I was interested in Stork's response, because I had had a fairly strong initial reaction to his essays, and I've continued to think about it all, especially after using Gamer in a class last term. My own viewing of such movies has been deeply influenced more by Shaviro's approach than others, but I also like to show students the first two "Chaos Cinema" essays as well as Jim Emerson's video essay on a scene from The Dark Knight.
Watching the third "Chaos Cinema" essay, I discovered that Stork responded specifically to one of my criticisms. It's a very fair and, I think, accurate response to a point I raised about the video game aesthetic — he elaborated on that in a comment at the post, and I responded there that on reflection I basically agreed with him. The convergence of video game and action movie aesthetics is a topic that deserves study, but I don't have the background in gaming to do so, and my interests in the scholarship on action movies is primarily focused on the '80s and early '90s.

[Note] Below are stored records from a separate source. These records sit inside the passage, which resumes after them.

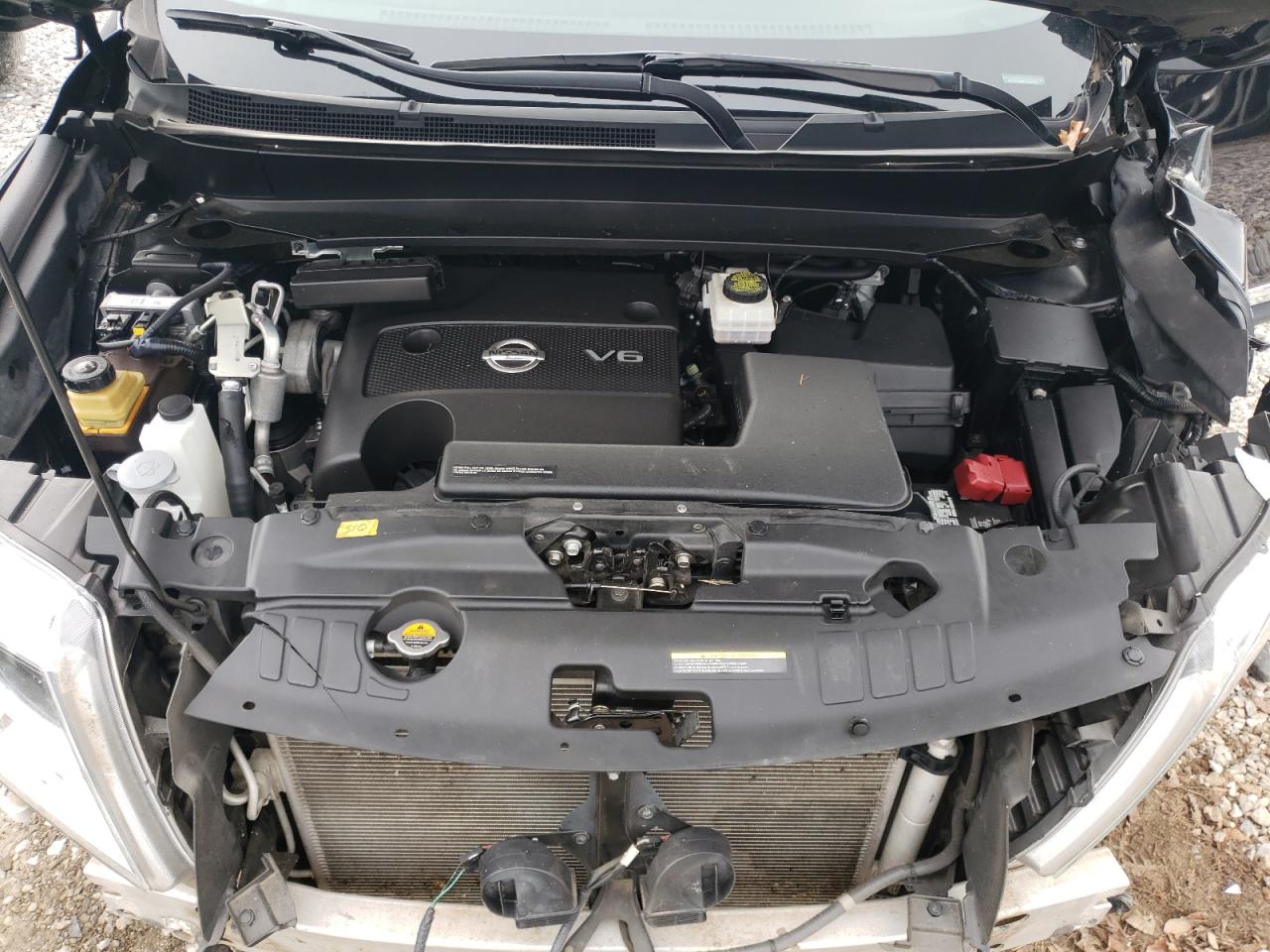 2016 Nissan Pathfinder - Image 13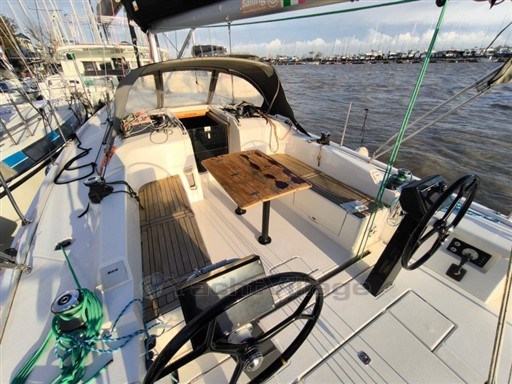 MORE YACHTS - MORE 40 - exteriors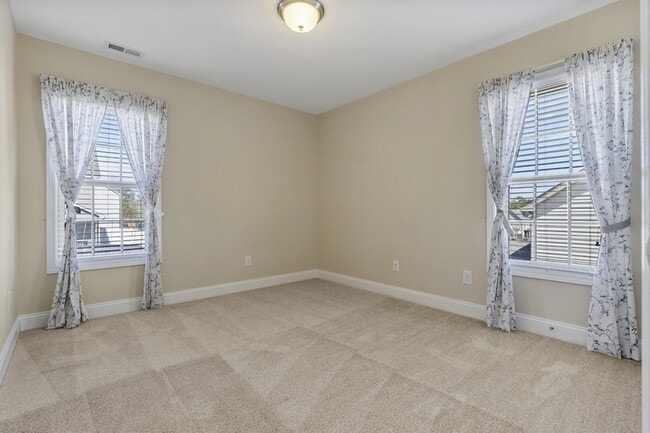 Building Photo - 223 Samuel Nicholas Dr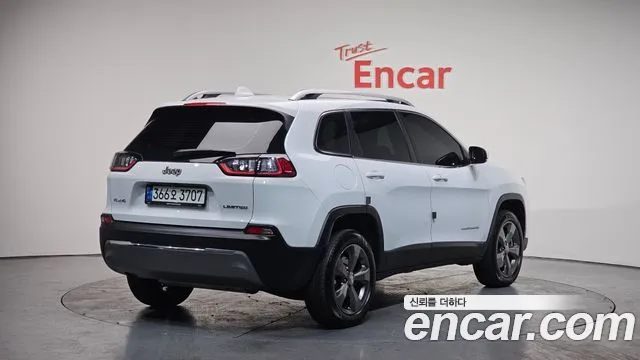 Jeep Cherokee 2021 — фото 1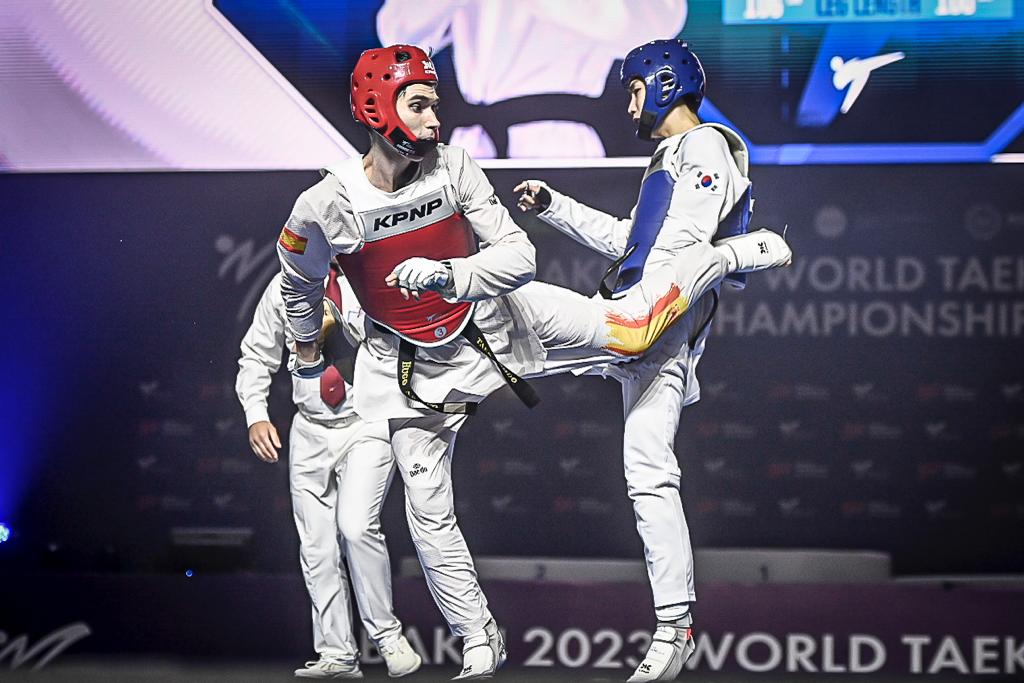 Hugo Arillo, subcampeón del mundo de taekwondo en Bakú Hugo Arillo, subcampeón del mundo de taekwondo en Bakú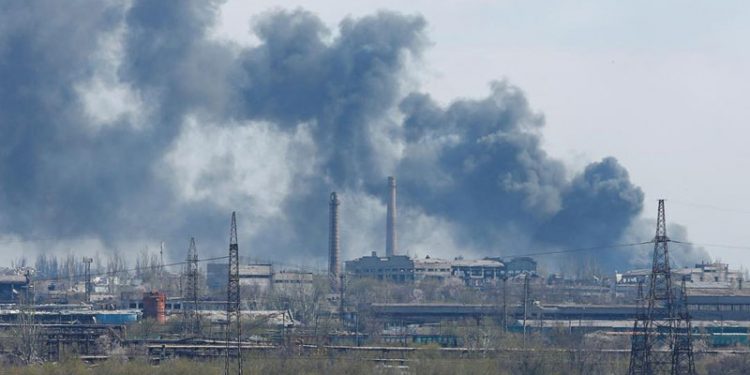 Rusya, Azovstal fabrikasından siviller tahliyesi için geçici ateşkes ilan etti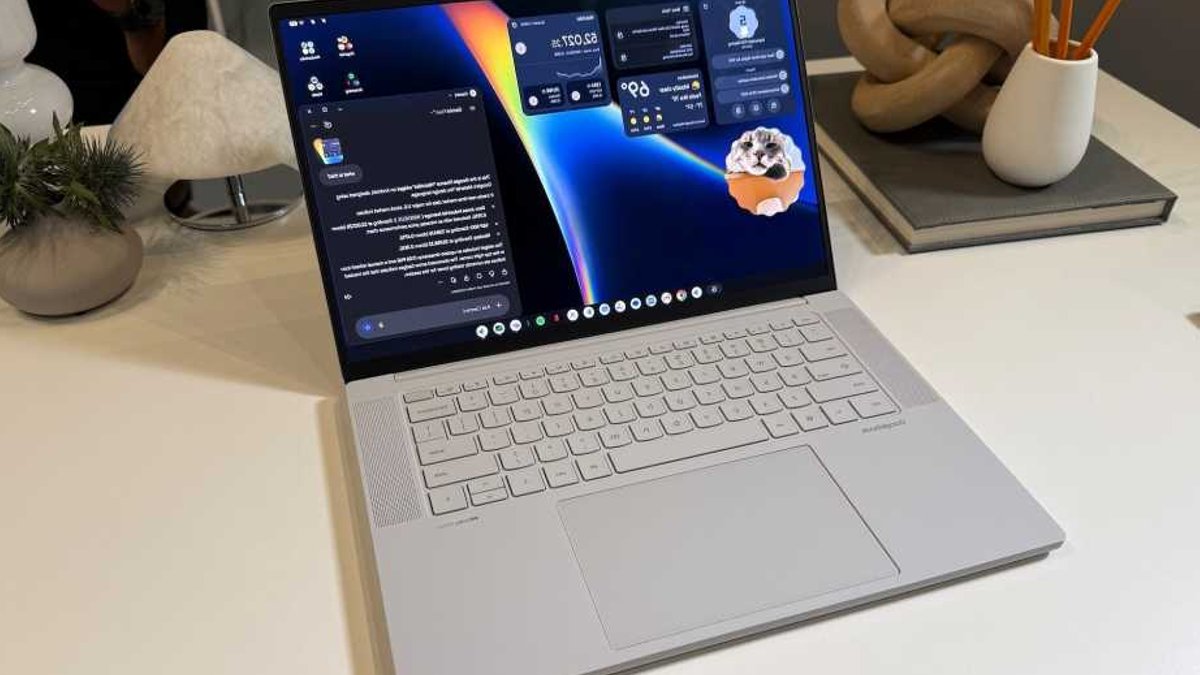 Googlebooks laptops prioritize Linux VMs over AI tools Googlebooks laptops prioritize Linux VMs over AI tools - linux vms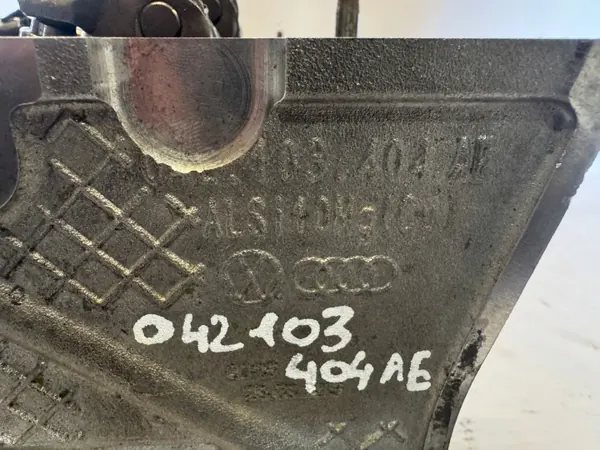 Culasse complète OEM 04E103404AE pour VW/Audi image 5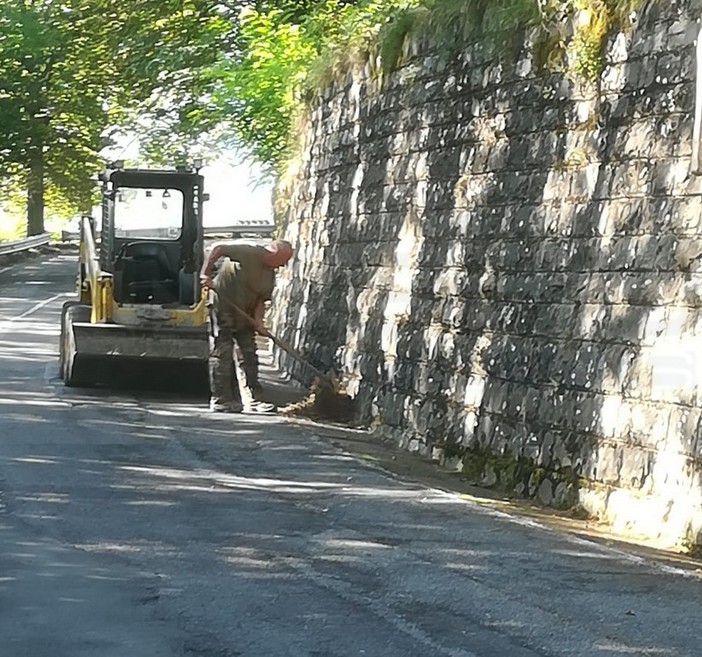 Proseguono velocemente i lavori sulla Strada Provinciale tra Colle d'Oggia e Montalto-Carpasio (Foto)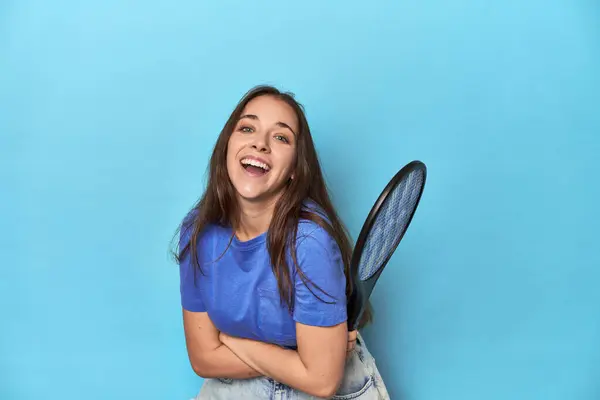 Vrouw Met Een Elektrische Bug Zapper Een Blauwe Achtergrond Lachen — Stockfoto
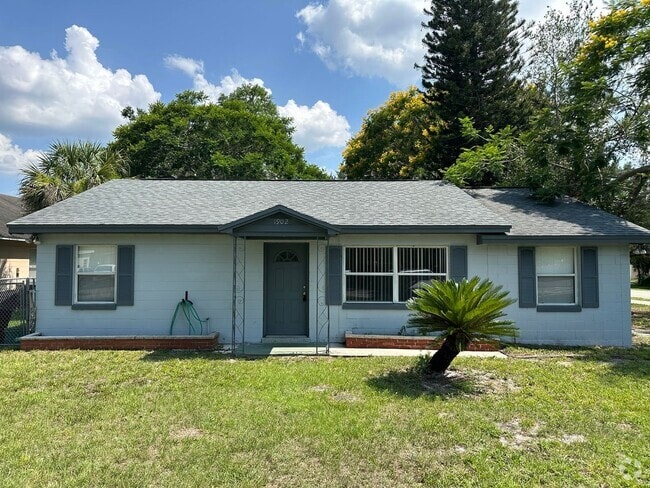 Building Photo - Winter Park Corner Lot Rental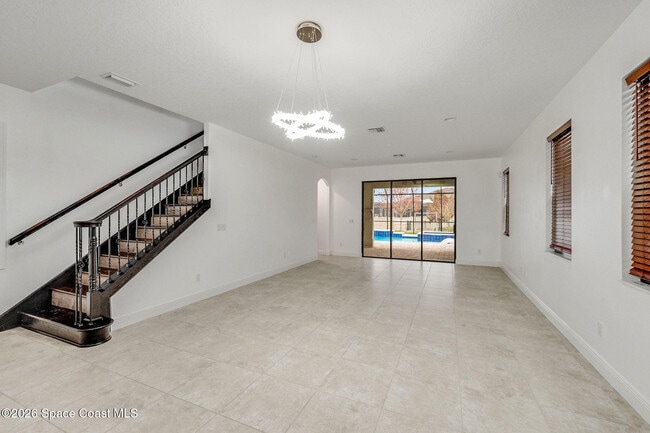 Building Photo - 7782 Paragrass Ave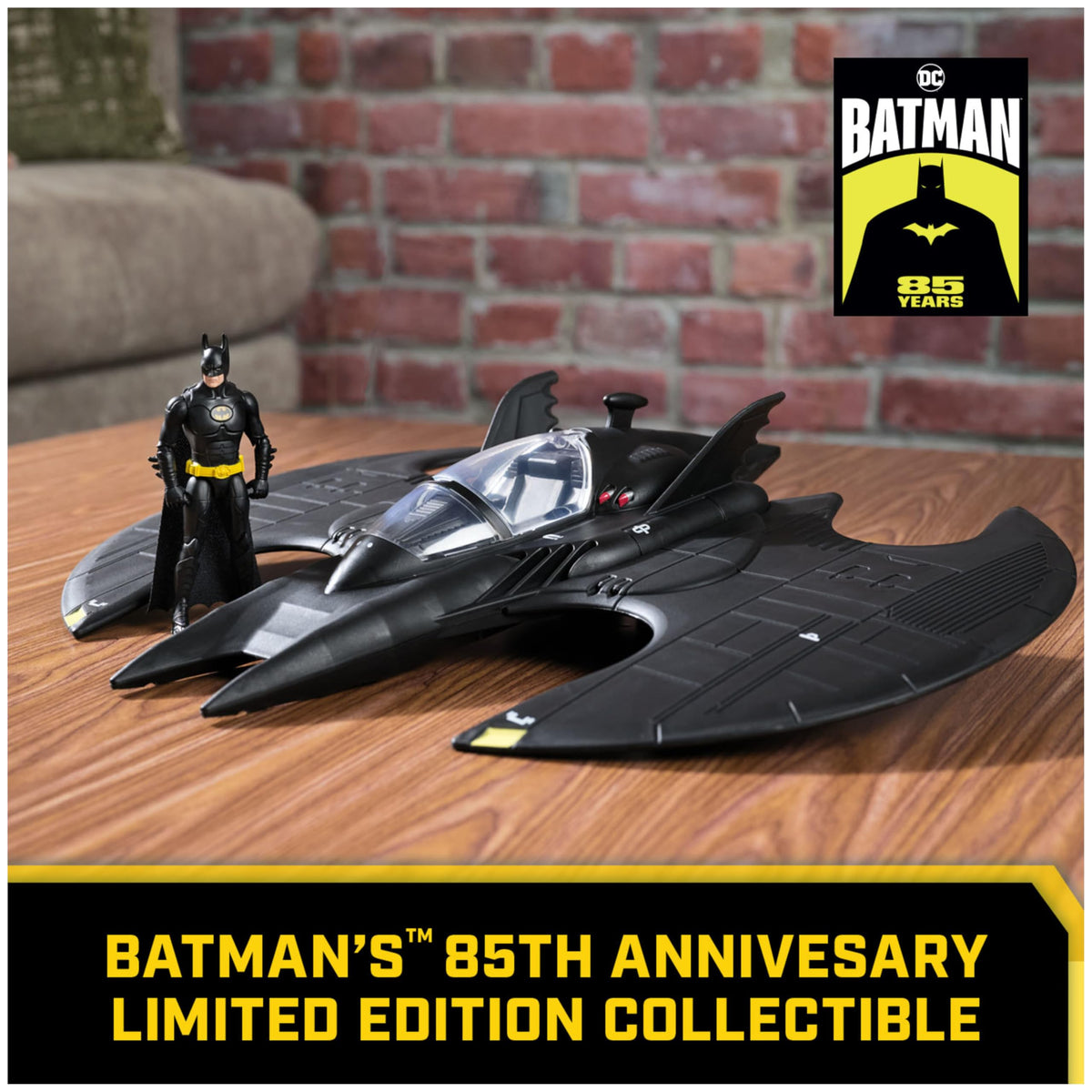 DC Comics Batman Returns 4-inch figure with authentic styling for dynamic poses.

My differences with Stork's approach remain pretty much what they were in my original post — I'm averse to seeing techniques in absolute or moral terms — but he has done excellent, thoughtful work on showing how cinema, particularly action cinema, is changing. I fully agree with what he says at the end of Part III: "In his essay 'Chaos Cinema and the Rise of the Avid', Ambrose Heron blames non-linear editing systems for the emergence of chaos techniques. This is how we should discuss chaos cinema, as an aesthetic and industrial phenomenon."